Using the above XML, we need to initialize three variables: serverUrl, sessionId, and instance. First two variables are available in the response XML, the instance is the first part of the hostname in serverUrl.

The shell script snippet given below can extract these three variables from the login_response.xml file:

sessionId=$(xmllint --xpath 
"/*[name()='soapenv:Envelope']/*[name()='soapenv:Body']/*[name()='loginResponse']/*
[name()='result']/*[name()='sessionId']/text()" login_response.xml) 

serverUrl=$(xmllint --xpath 
"/*[name()='soapenv:Envelope']/*[name()='soapenv:Body']/*[name()='loginResponse']/*
[name()='result']/*[name()='serverUrl']/text()" login_response.xml)

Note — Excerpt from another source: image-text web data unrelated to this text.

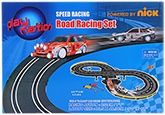 Play Nation - Nick Road Racing Set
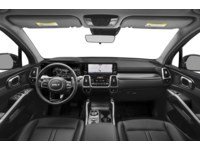 2022 Kia Sorento HEV EX AWD Interior Shot 6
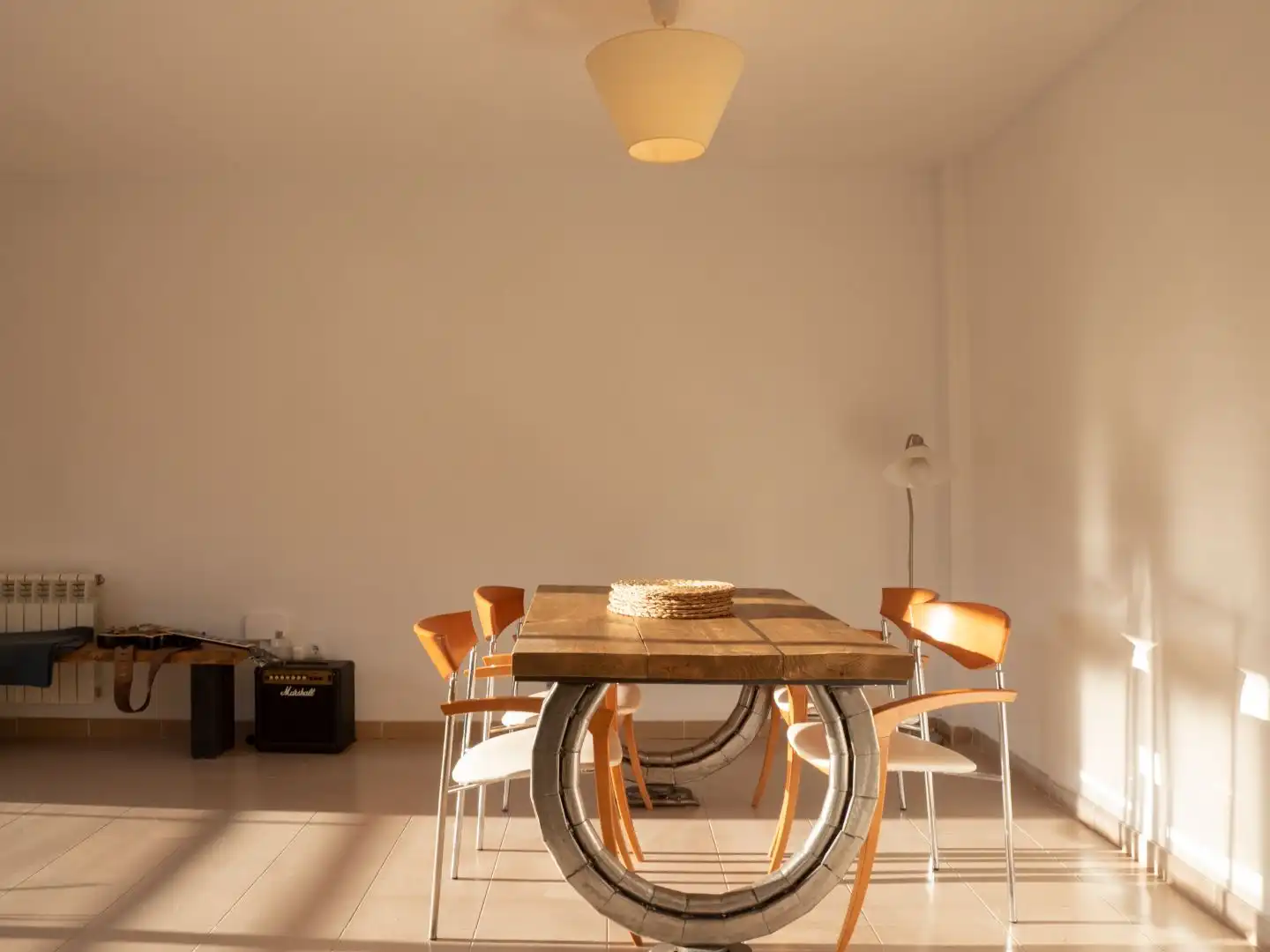 Appartamento con piscina in vendita a Carrer Jocs Olímpics de Barcelona 27, imagen 4
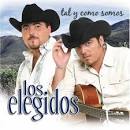 Los Elegidos - Tal y Como Somos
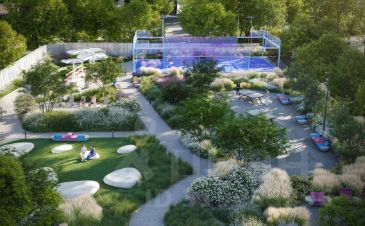 1-комн.кв., 48 м², этаж 18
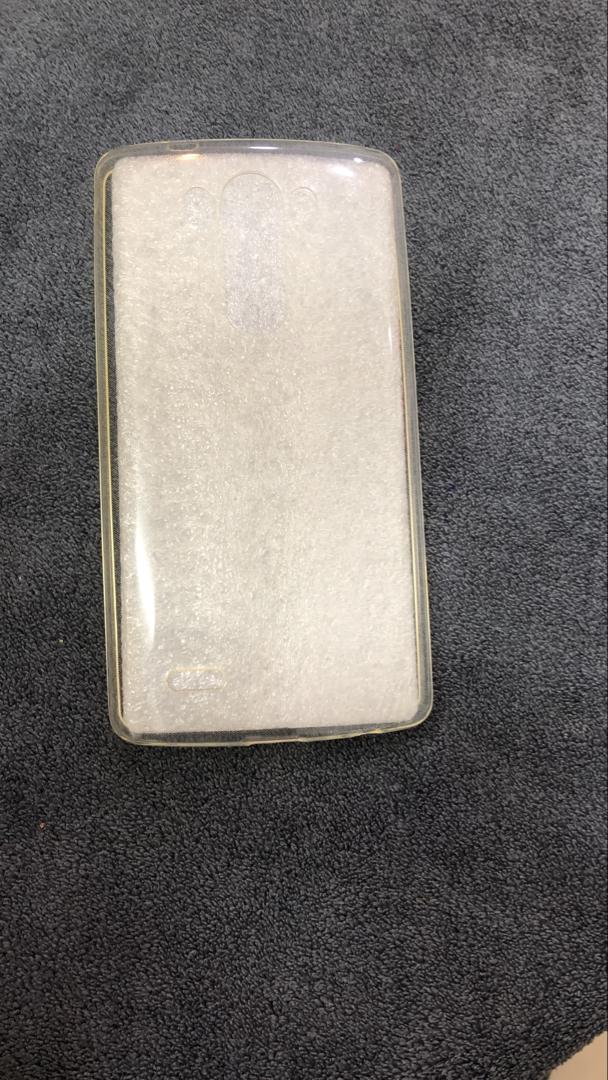 قاب و گارد گوشی LG مدل G3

instance=$(echo ${serverUrl/\.salesforce.com*/} | sed 's|https://||') 
sessionId = 00Dj00001234ABCD5!AQcAQBgaabcded12XS7C6i3FNE0TMf6EBwOasndsT4O
serverUrl = https://organization.my.salesforce.com/services/Soap/u/41.0/00AB0000000ABc1
instance =  organization

Create a Job

Save the given below XML as job_account.xml. The XML given below is used to download Account object data from Salesforce in JSON format. Edit the bold text to download different objects or to change content type as per the requirement i.e. to CSV or XML. We are using JSON here.

job_account.xml:

<?xml version="1.0" encoding="UTF-8"?>
 <jobInfo
     xmlns="http://www.force.com/2009/06/asyncapi/dataload">
   <operation>query</operation>
   <object>Account</object>
   <concurrencyMode>Parallel</concurrencyMode>
   <contentType>JSON</contentType>
 </jobInfo>

Execute the command given below to create the job and get the response, from the XML response received (account_jobresponse.xml), we will extract the jobId variable.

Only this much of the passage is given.